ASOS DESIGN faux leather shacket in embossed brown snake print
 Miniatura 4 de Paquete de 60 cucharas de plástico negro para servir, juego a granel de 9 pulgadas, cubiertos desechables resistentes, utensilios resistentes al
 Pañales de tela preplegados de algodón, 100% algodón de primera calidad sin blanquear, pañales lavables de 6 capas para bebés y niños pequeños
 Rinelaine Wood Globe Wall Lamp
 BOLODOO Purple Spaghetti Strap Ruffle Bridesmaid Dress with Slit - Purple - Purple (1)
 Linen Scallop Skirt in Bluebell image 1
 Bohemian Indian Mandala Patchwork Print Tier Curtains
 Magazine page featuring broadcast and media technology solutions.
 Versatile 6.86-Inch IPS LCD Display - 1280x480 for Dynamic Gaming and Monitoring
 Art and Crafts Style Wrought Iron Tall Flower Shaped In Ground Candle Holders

== WHAT YOU HAVE TO DO ==
Set out every line from the material that contains the string "para".

== COMPLETED TASK ==
 Miniatura 4 de Paquete de 60 cucharas de plástico negro para servir, juego a granel de 9 pulgadas, cubiertos desechables resistentes, utensilios resistentes al
 Pañales de tela preplegados de algodón, 100% algodón de primera calidad sin blanquear, pañales lavables de 6 capas para bebés y niños pequeños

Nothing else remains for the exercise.